How to cite this article:
Lee MR, Lai CL, Chan KA. Intensive Care Unit Admission and Survival in Stage IV Cancer Patients with Septic Shock: A Population-Based Cohort Study. J Cancer 2019; 10(14):3179-3187. doi:10.7150/jca.30278. Available from http://www.jcancer.org/v10p3179.htm

Abstract

Background: The impact of intensive care unit (ICU) admission during life-threatening critical illness on survival of patients with advanced cancer remains unknown.

Methods: We identified incident stage IV cancer patients from Taiwan Cancer Registry during 2009-2013 and ascertained the first episode of septic shock after cancer diagnosis. Patient was classified as ICU admission and no ICU admission during the index hospitalization. Primary outcome of interest was overall survival. Propensity score (PS) and proportional hazards regression were used to control potential confounders.
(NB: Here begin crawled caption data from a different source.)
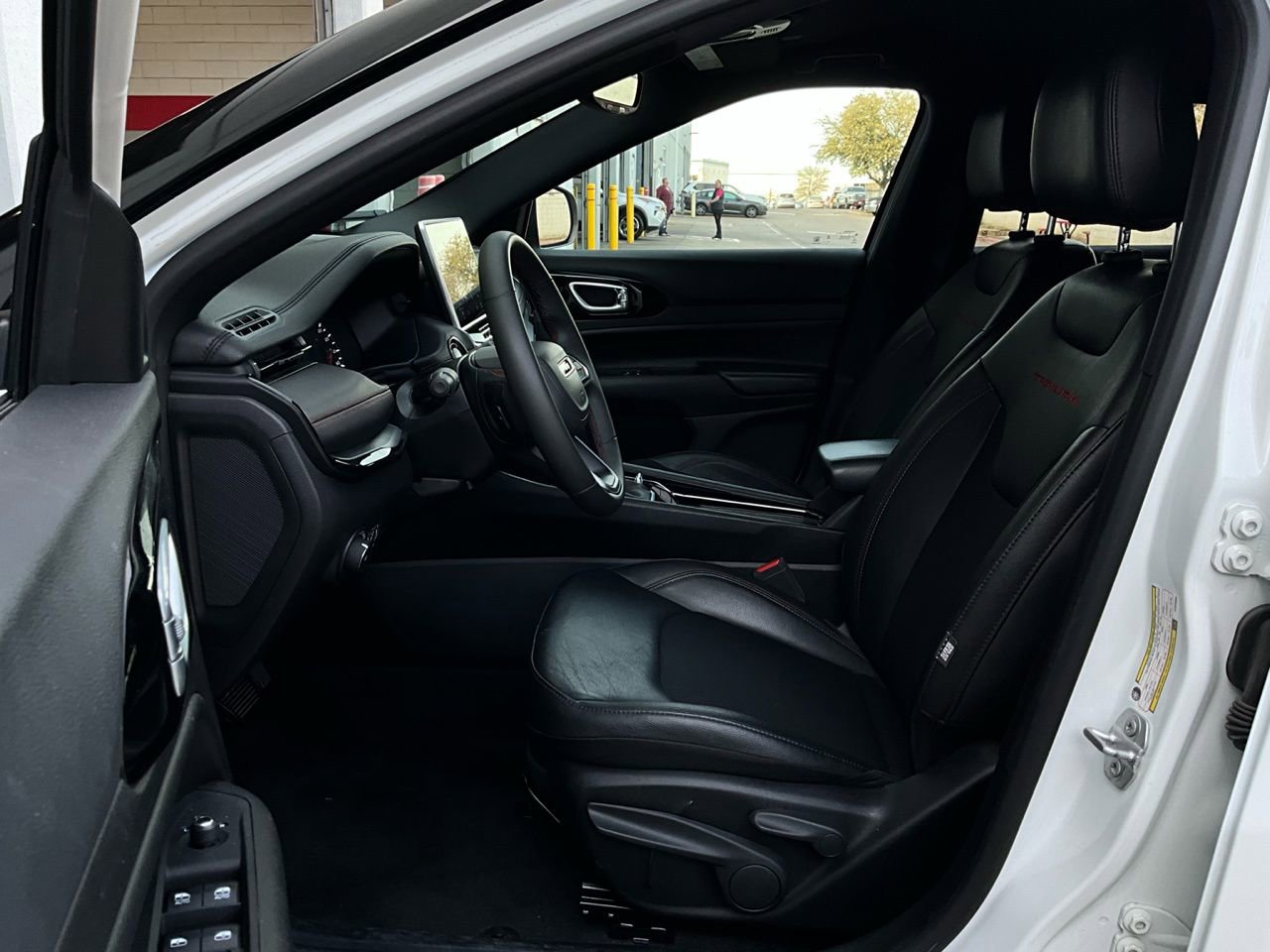 Used 2025 Jeep Compass Trailhawk image 10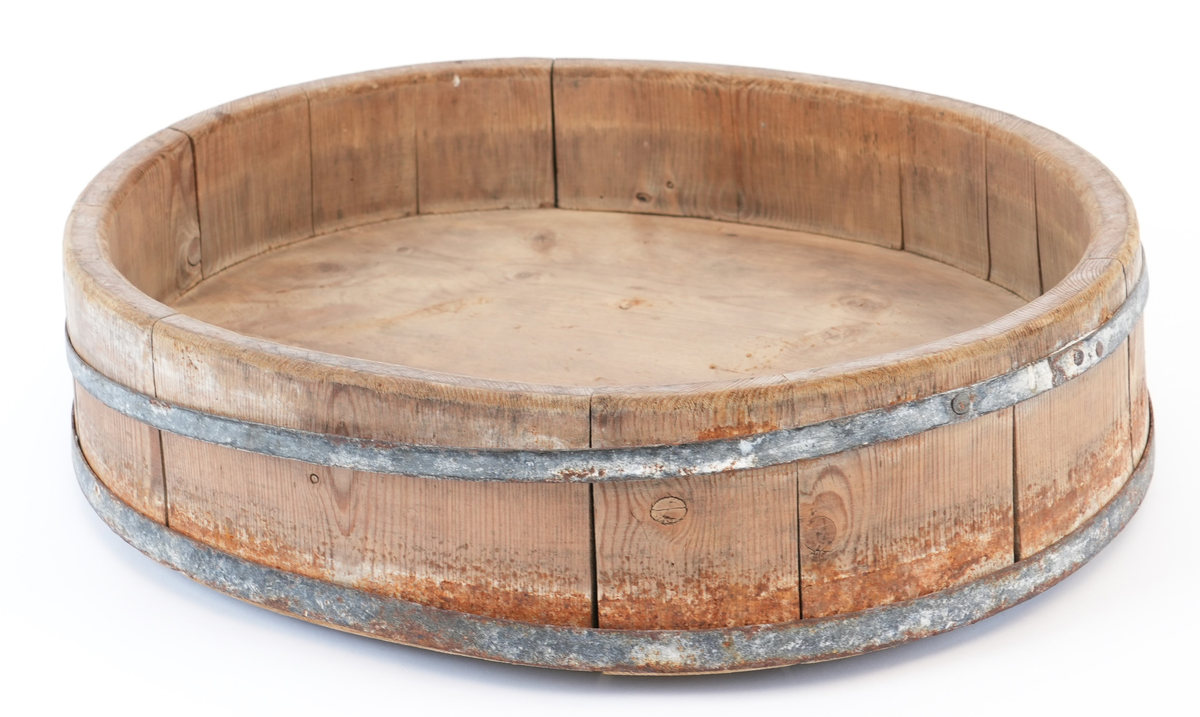Ask bruka til smørlaging. Stor oval form med lave sider. Lagga av 15 furustavar med botnen av to furubrett. Rundt omfatta med to sinkgjorder.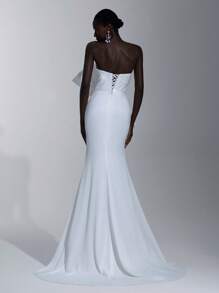 Elitara Elegant And Luxurious White Sequin Embroidery Handmade Big Bow Pearl Decoration Tube Top High Waist Slim Fishtail Beauty Trailing, Suitable For Wedding Festival Bridal Dress Formal Occasion Wedding Dress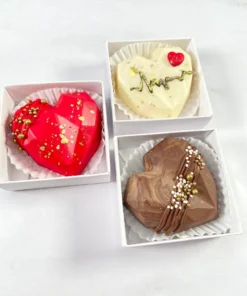 Caja de regalo Mini Amore con bombones de corazón geométrico de chocolatería fina Piel Canela. Caja Chocolates Mini Amore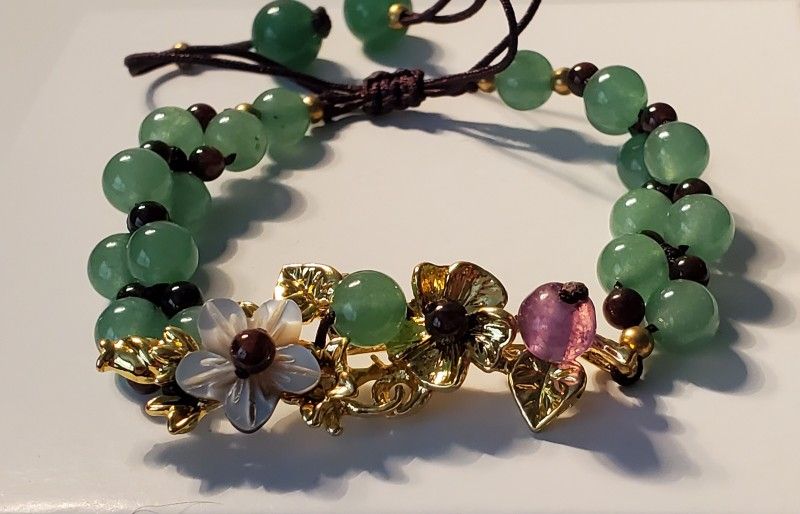 Floral Jade Beaded Bracelet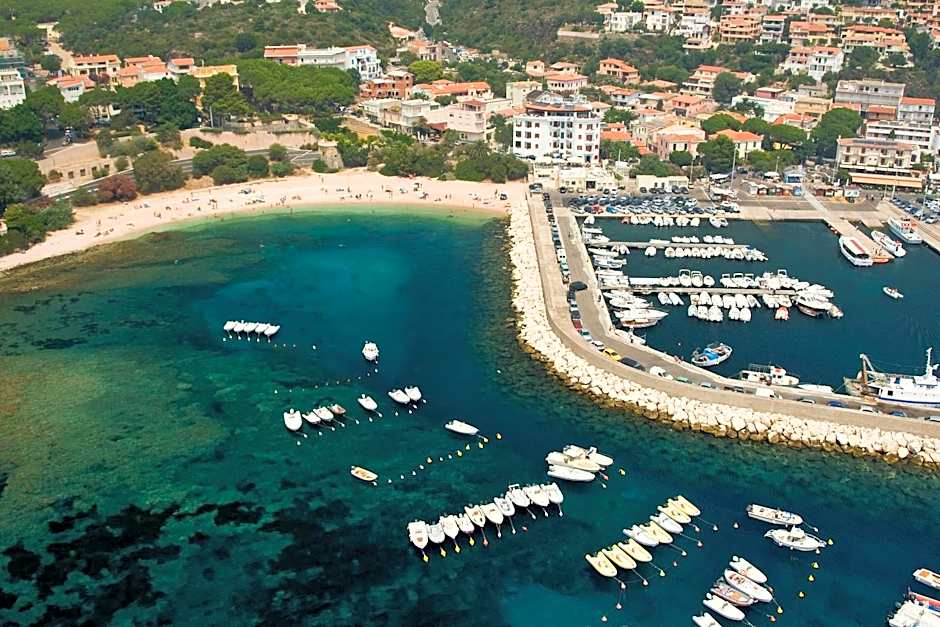 BUE MARINO Hotel & Rooftop Bar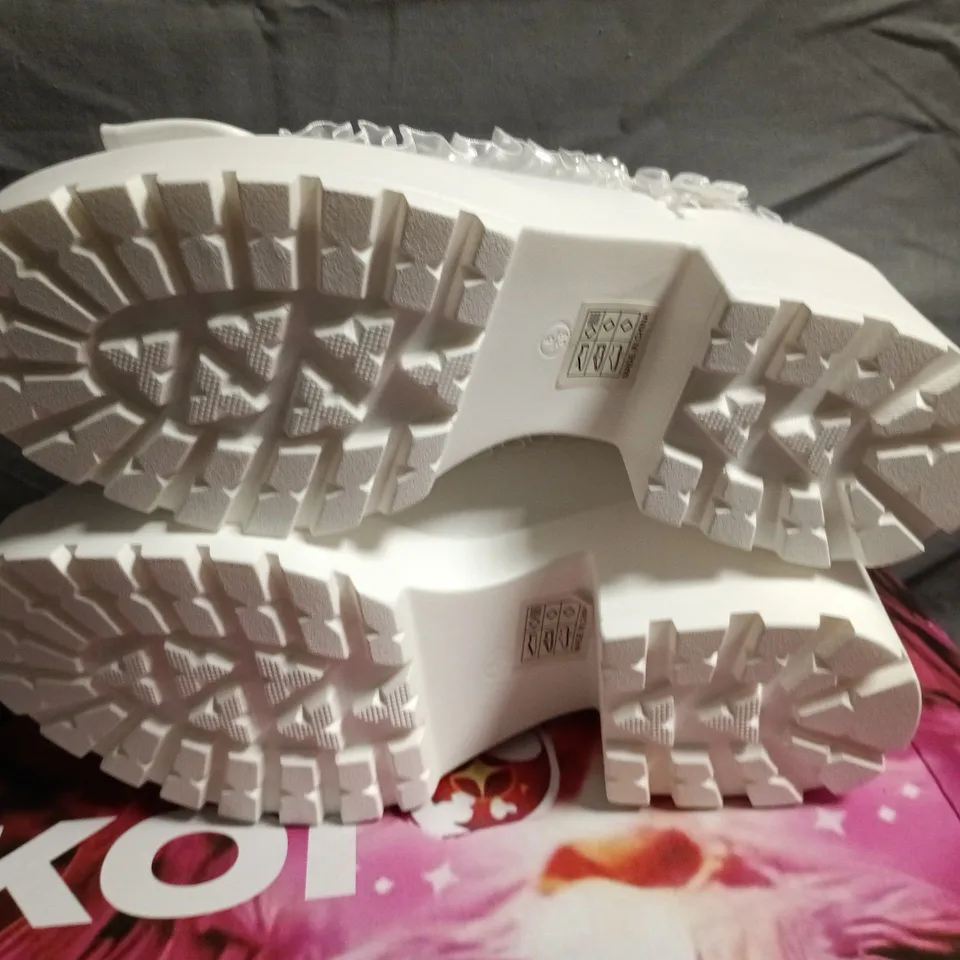 BOXED KOI TIRA RUFFLE MARY JANES SHOES IN WHITE - UK 6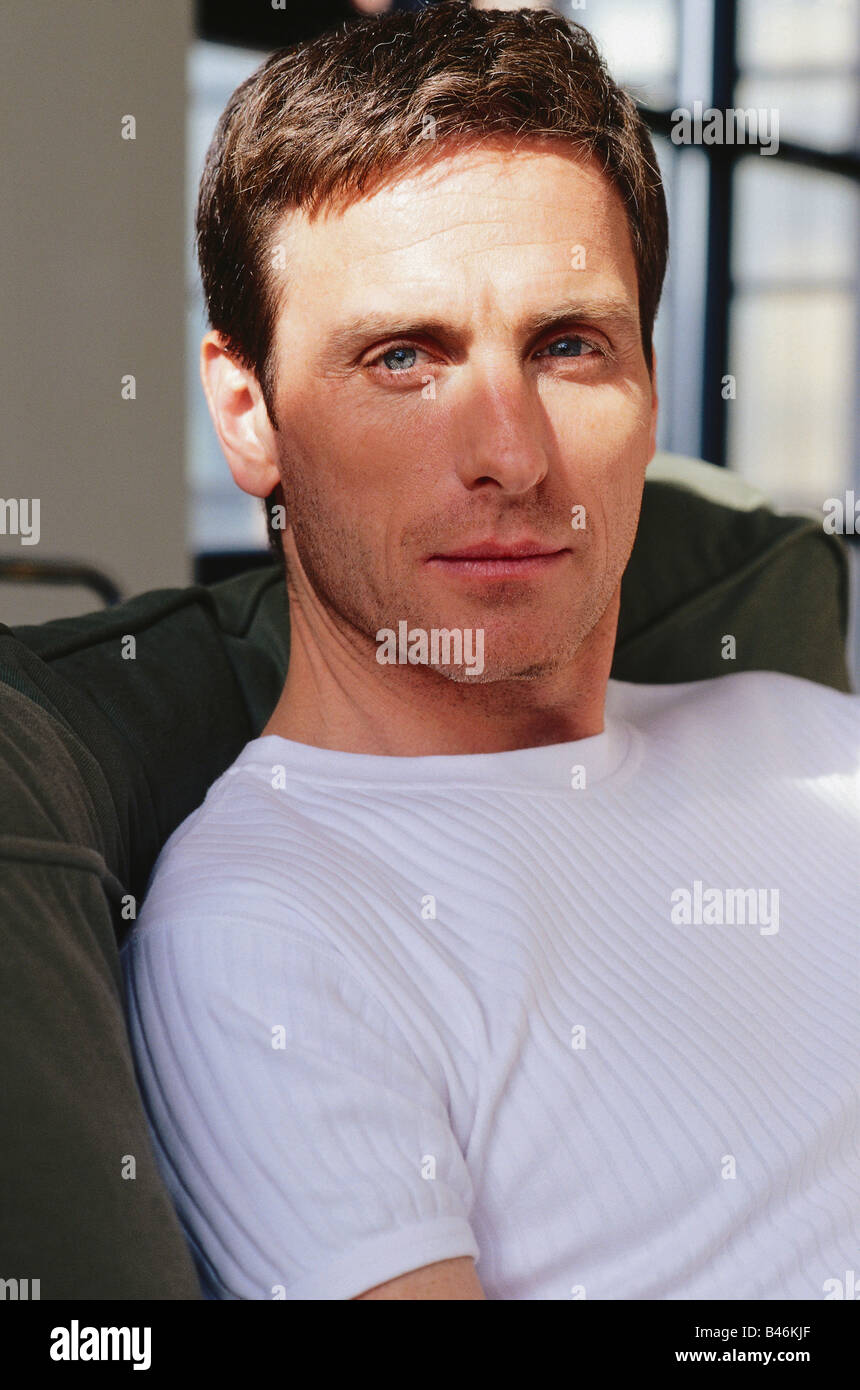 Man sitting down facing camera hi-res stock photography and images - Alamy
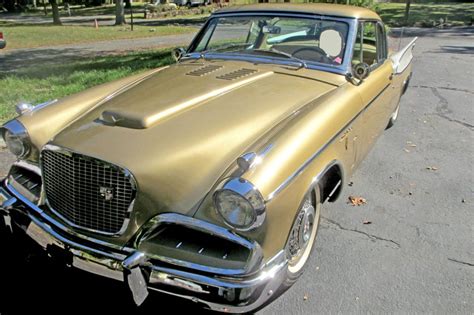 Studebaker Golden Hawk Revivaler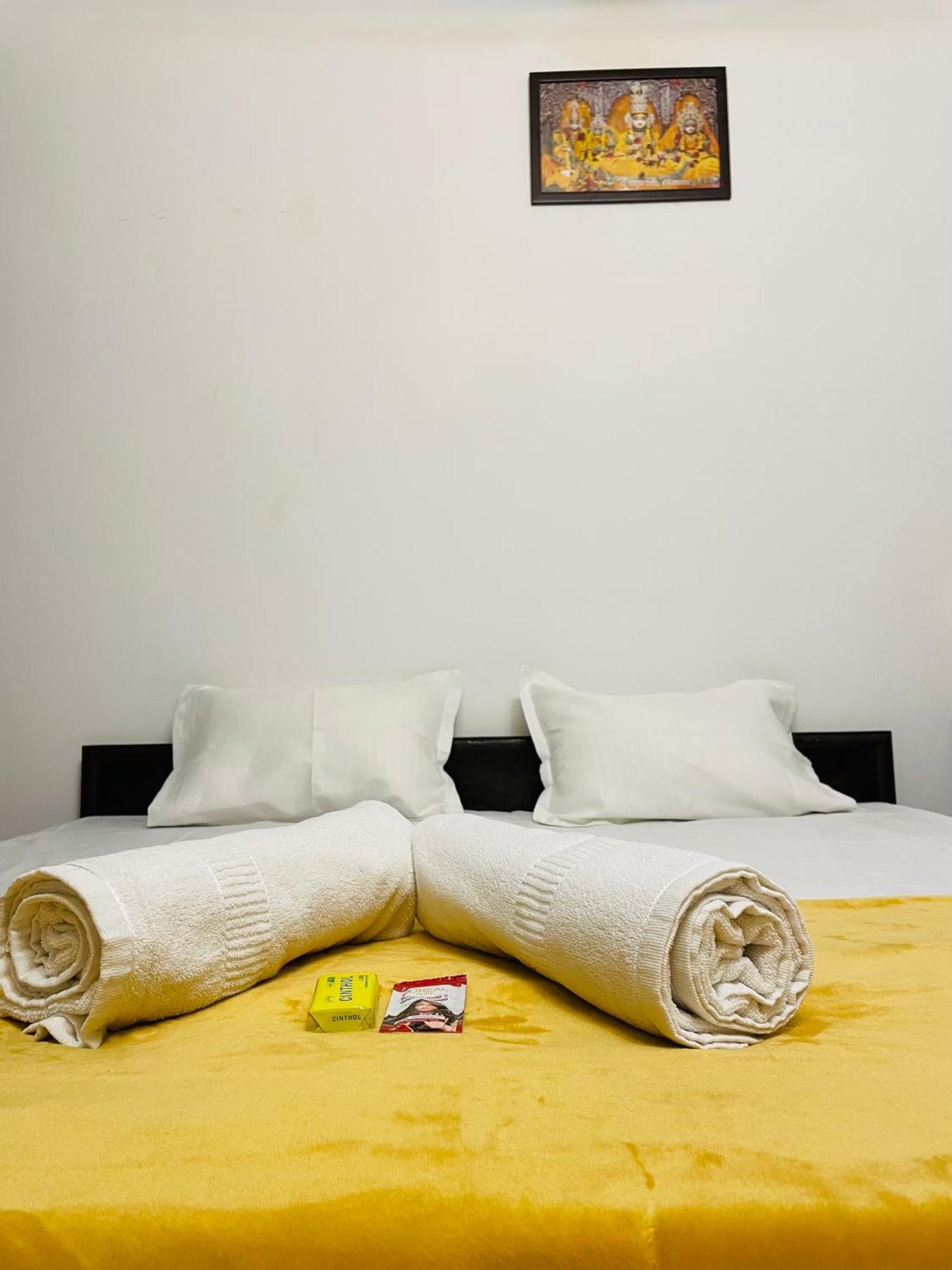 Shree Balaji Homestay Ayodhya Eksteriør billede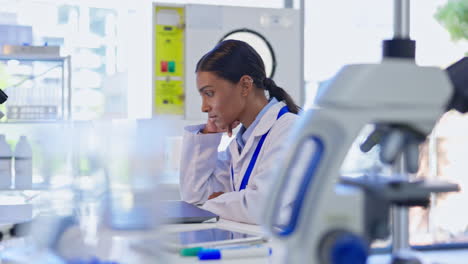 científico de laboratorio, mujer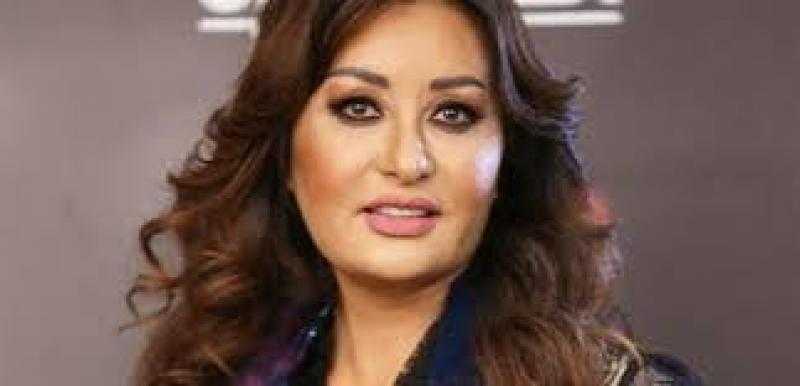 من بلدي.. لطيفة تنتظر طرح أغنيتها الجديدة غدا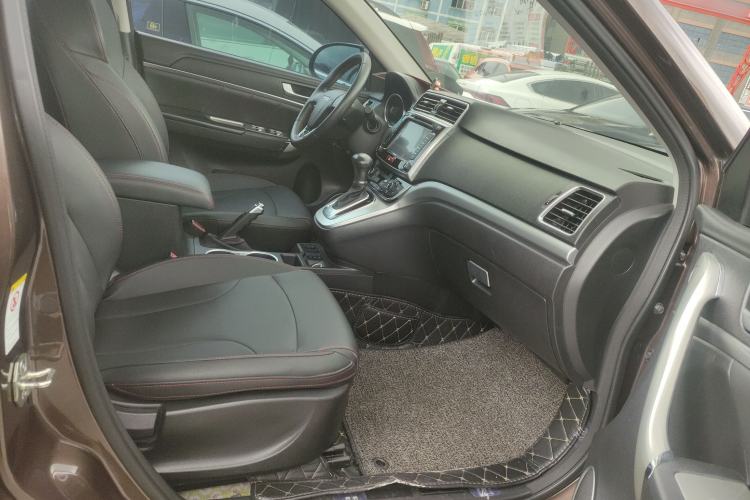 Used Haval H6 2017 Red-Label Sport Edition 1.5T Automatic Two-Wheel Drive Luxury Model Right Front Seat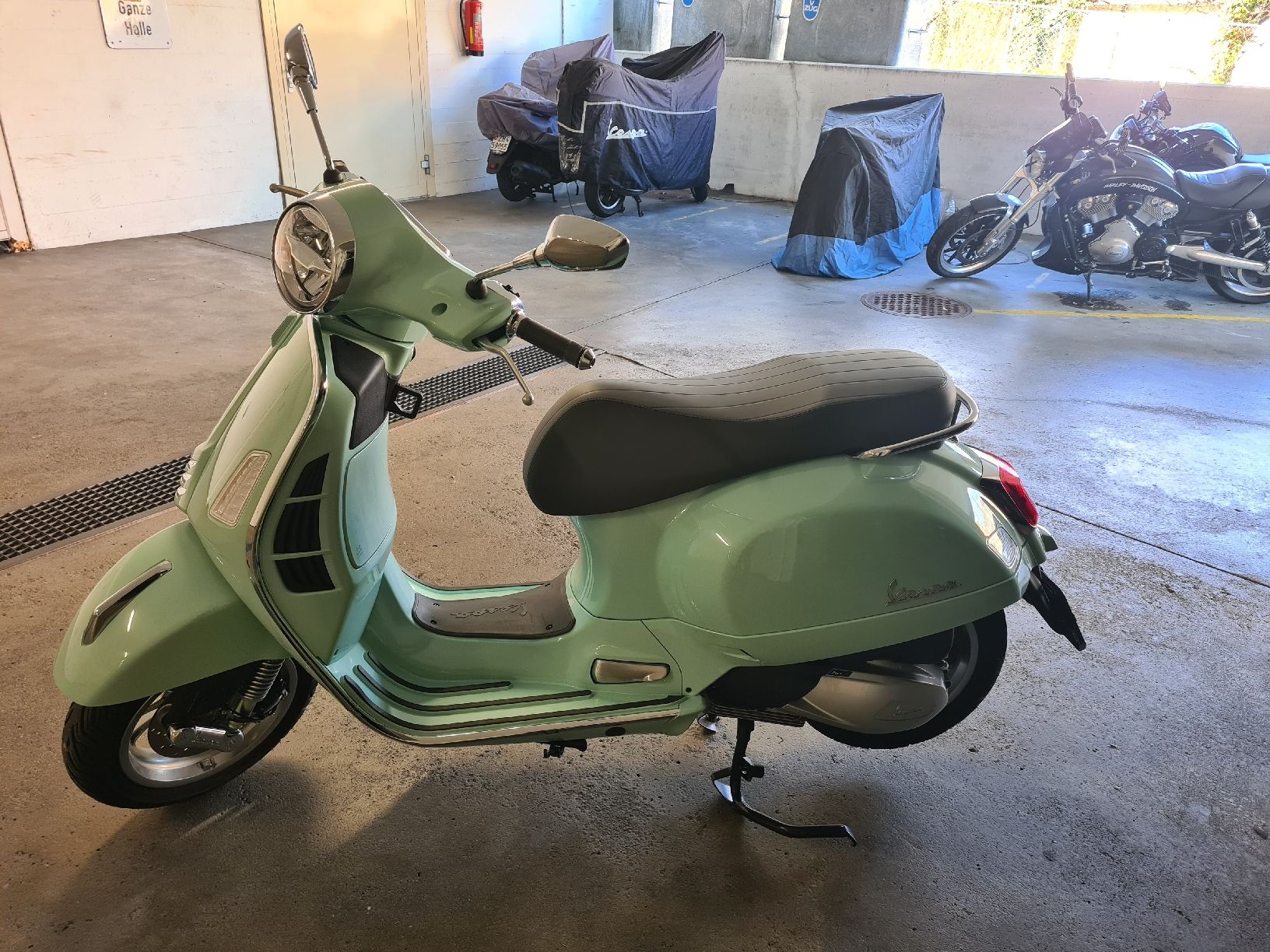 Piaggio Strada: Piaggio Vespa GTS 300 – Nuovo (secondo la descrizione) da Richterswil venduto da orangsche91 2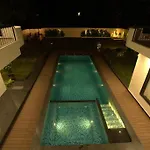 Villa Heliconia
Results: A total of 11,825 stage IV cancer patients with septic shock were identified. Among them, 6,089 (51.5%) patients were admitted to ICU during the index hospitalization and 3,626 (30.7%) patients survived the index hospitalization. A 1:1 propensity score (PS)-matched cohort of 7,186 patients were created for patients with/without ICU admission among the total study population. Both the PS-stratified analysis among the overall population (pooled hazard ratio [HR]: 0.78, 95% confidence interval [CI]: 0.74-0.81) and analysis among the PS-matched population (HR: 0.76, 95% CI: 0.72-0.79) showed association between ICU admission and better overall survival. ICU admission was also associated with a lower risk of in-hospital mortality in both PS-stratified analysis (pooled odds ratio [OR]: 0.69, 95% CI: 0.63-0.75) and PS-matched analysis (OR: 0.61, 95% CI: 0.55-0.68). In PS-stratified analysis for long-term survival after discharge among hospital survivors, ICU admission was associated with improved long-term survival after discharge (pooled HR: 0.73, 95% CI: 0.68-0.80). Also ICU admission was associated with better long-term survival after discharge (HR: 0.77, 95% CI: 0.70-0.85) in PS-matched analysis.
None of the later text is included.